FTWU now questions the constitutionality of Article 264 on the ground that the law was an undue delegation of legislative power by Congress to the Minister of Labor. It was submitted that there was an undue delegation of the power and discretion to assume jurisdiction and/or certify strikes for compulsory arbitration to the NLRC, and in effect make or unmake the law on free collective bargaining; that the law is contrary to the assurance of the State to the workers’ right to self-organization and collective bargaining.

ISSUE: Whether or not such provision is an undue delegation of power.

HELD: No. In the first place, this issue is not yet ripe for adjudication as the Minister of Labor was yet to take on the entirety of the case. There is still no ground to rule that there is an unconstitutional application of the law.

There is no undue delegation of legislative power. The law in question provides:

In labor disputes causing or likely to cause strikes or lockouts adversely affecting the national interest, such as may occur in but not limited to public utilities, companies engaged in the generation or distribution of energy, banks, hospitals, and those within export processing zones, the Minister of Labor and Employment may assume jurisdiction over the dispute and decide it or certify the same to the Commission for compulsory arbitration. Such assumption or certification shall have the effect of automatically enjoining the intended or impending strike or lockout.
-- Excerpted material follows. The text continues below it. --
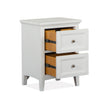 Magnussen Home Heron Cove Chalk White & Dovetail Grey Nightstand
If one has already taken place at the time of assumption or certification, all striking or locked out employees shall immediately return to work and the employers shall immediately resume operations and readmit all workers under the same terms and conditions prevailing before the strike or lockout. The Minister may seek the assistance of law enforcement agencies to ensure compliance with this provision as well as with such orders as he may issue to enforce the same.

The rule is: what cannot be delegated is the authority under the Constitution to make laws and to alter and repeal them; the test is the completeness of the statute in all its term and provisions when it leaves the hands of the legislature. To determine whether or not there is an undue delegation of legislative power, the inquiry must be directed to the scope and definiteness of the measure enacted. The legislature does not abdicate its functions when it describes what job must be done, who is to do it, and what is the scope of his authority. For a complex economy, that may indeed be the only way in which the legislative process can go forward. A distinction has rightfully been made between delegation of power to make the laws which necessarily involves a discretion as to what it shall be, which constitutionally may not be done, and delegation of authority or discretion as to its execution to be exercised under and in pursuance of the law, to which no valid objection can be made.

The Constitution is thus not to be regarded as denying the legislature the necessary resources of flexibility and practicability. To avoid the taint of unlawful delegation, there must be a standard, which implies at the very least that the legislature itself determines matters principle and lays down fundamental policy.

There is no undue delegation in this case. The law in issue is complete and it set a sufficient standard. The law cannot be any clearer, the coverage being limited to “strikes or lockouts adversely affecting the national interest.” The petitioners are employees of a company engaged in the delivery of public communication which is of vital public interest.